Work request:
Reproduce exactly the lines from the one containing "Brown Stone 2" through the end of the entries, including both. Drop the pictures.

Dataset records:
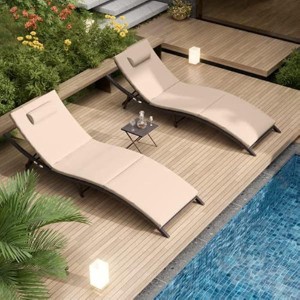 ALAULM Patio Chaise Lounge Set Outdoor Lounge Chair, Rattan Reclining Chair Adjustable Backrest, Pool Sunbathing Recliners with Folding Table - 1 of 4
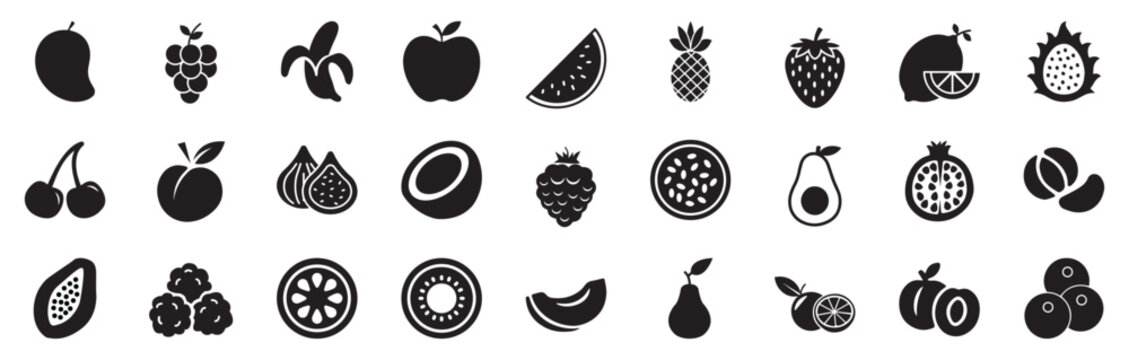 Food fruits glyph icon set. Vector pictograms of banana, strawberry, pineapple, watermelon, grapes, mango, blueberries, peach, cherry, lemon, avocado, pear, black sign silhouette. vector eps file.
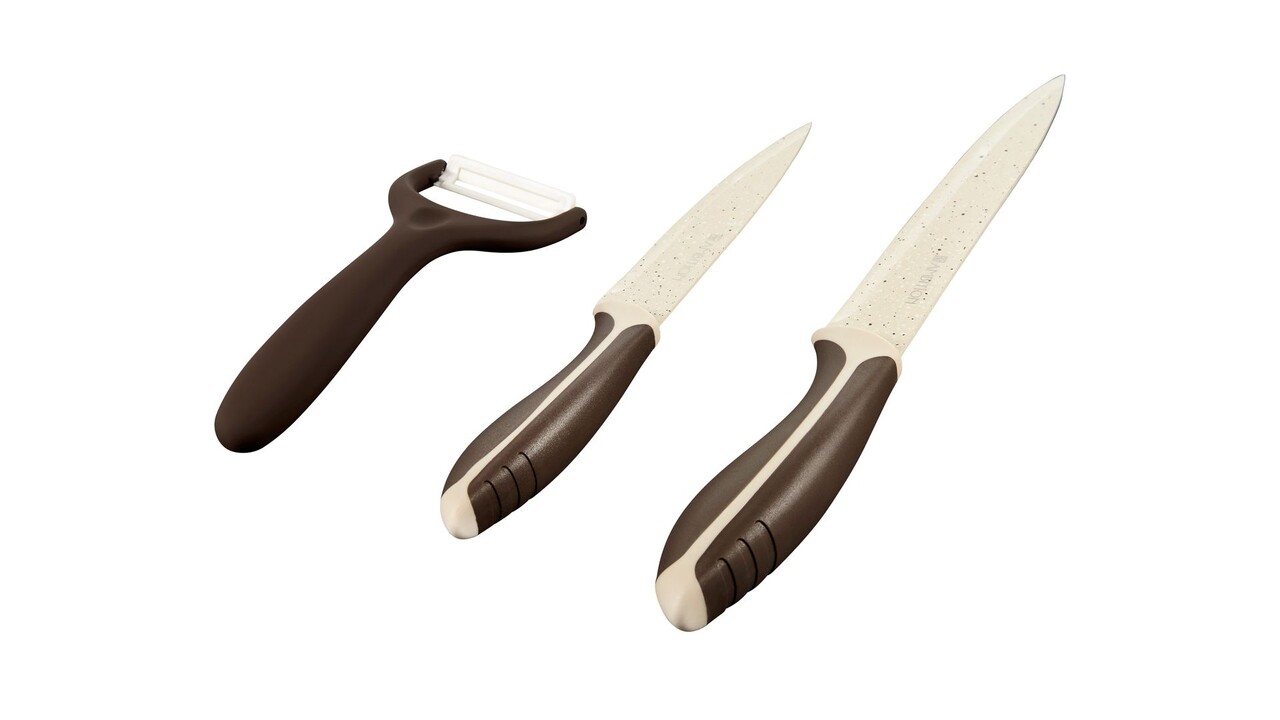 Brown Stone 2 db Zöldségtisztító kés, Ambition, rozsdamentes acél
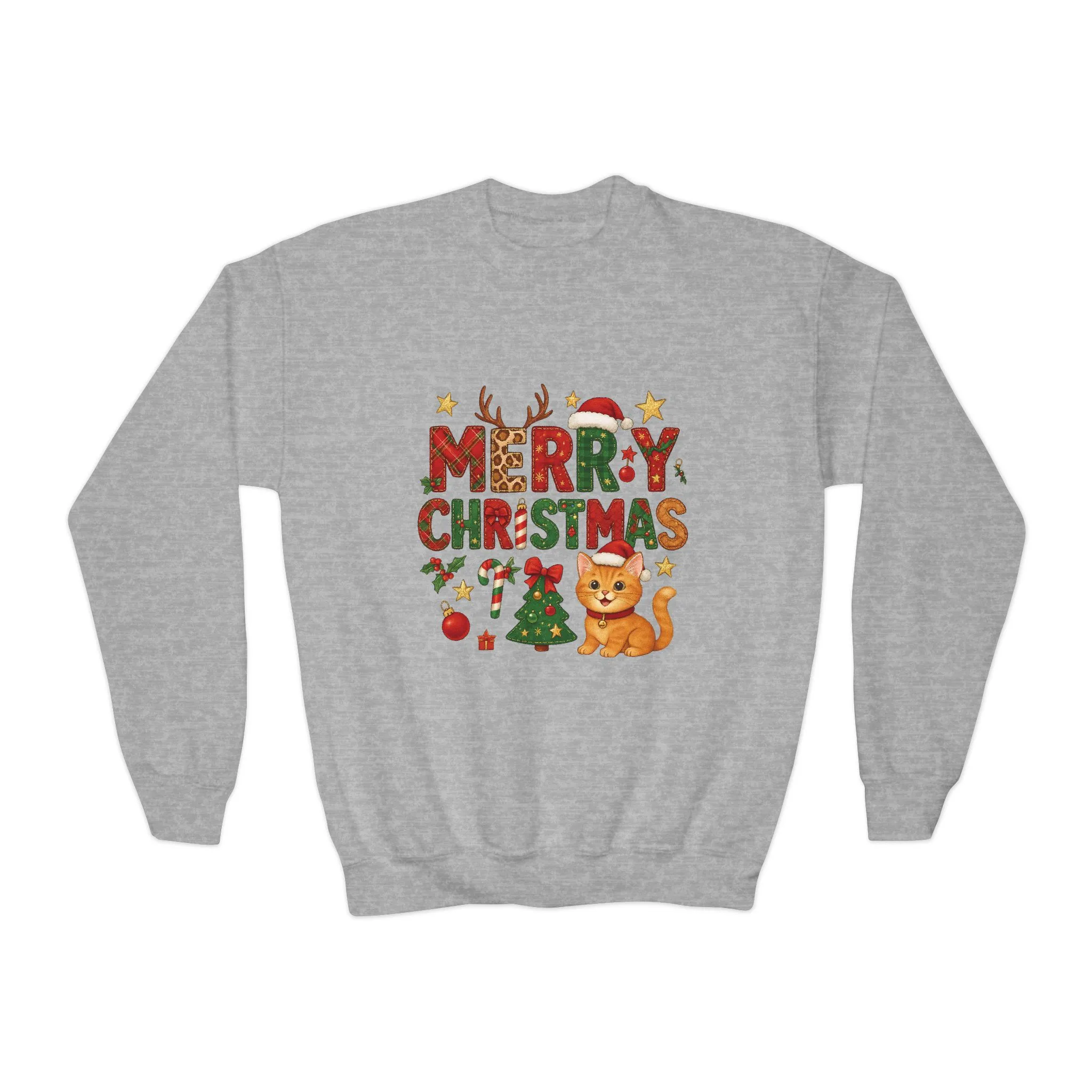 Merry Christmas Cat Sweatshirt for Girls, Cozy Holiday Kitten Jumper, Youth Crewneck Sweatshirt - Image 7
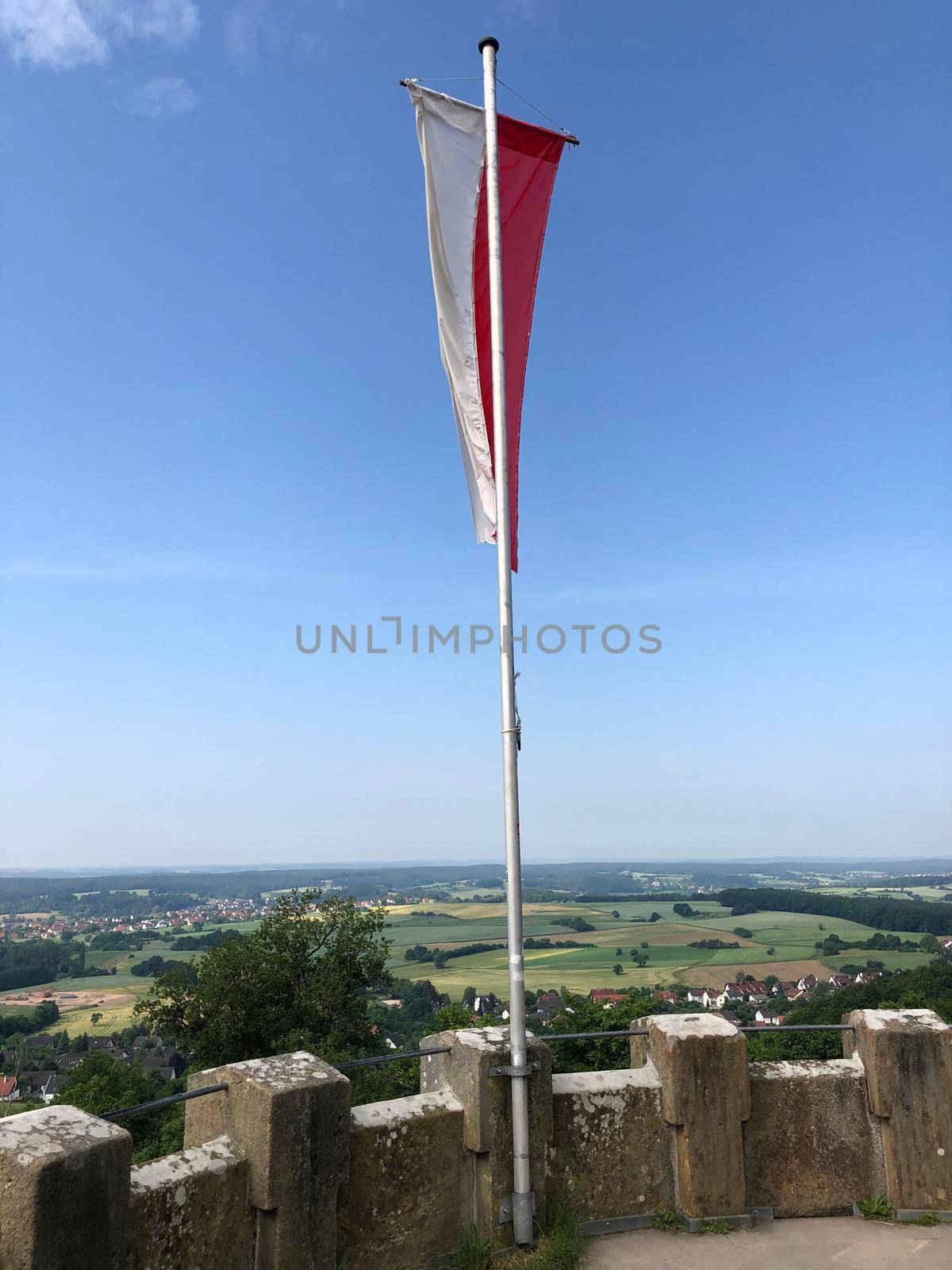 Flag on the tower of the Altenburg Castle in Bamberg Germany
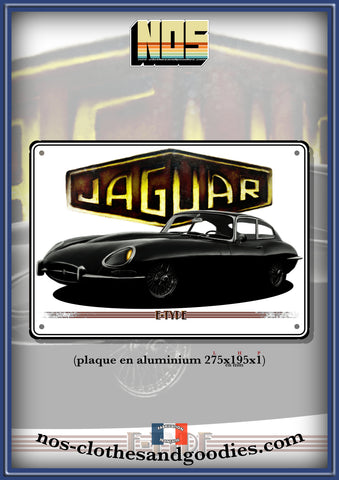 Plaque métal décorative jaguar type E 1961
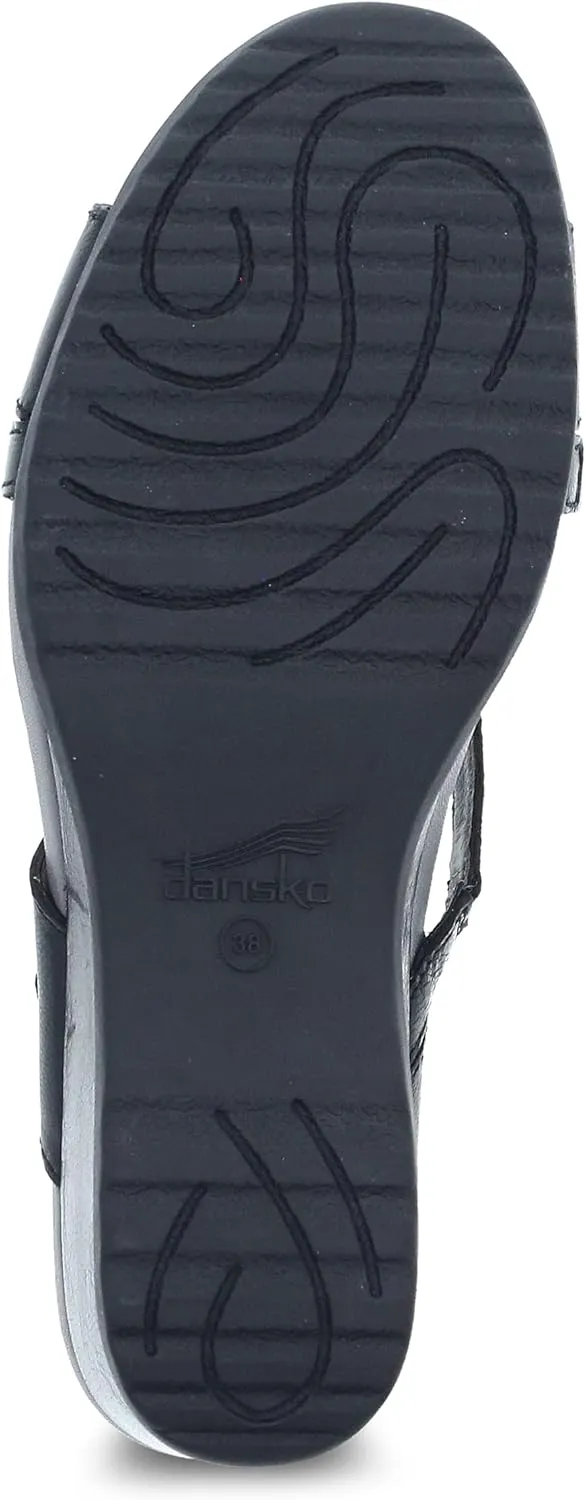 Ana Wedge Sandal for Women – Cushioned, Contoured Footbed for All-Day Comfort and Support – Adjustable Hook & Loop Strap with Buckle Detail – Lightweight Rubber Outsole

Response to this exercise:
 Brown Stone 2 db Zöldségtisztító kés, Ambition, rozsdamentes acél
 Merry Christmas Cat Sweatshirt for Girls, Cozy Holiday Kitten Jumper, Youth Crewneck Sweatshirt - Image 7
 Flag on the tower of the Altenburg Castle in Bamberg Germany
 Plaque métal décorative jaguar type E 1961
 Ana Wedge Sandal for Women – Cushioned, Contoured Footbed for All-Day Comfort and Support – Adjustable Hook & Loop Strap with Buckle Detail – Lightweight Rubber Outsole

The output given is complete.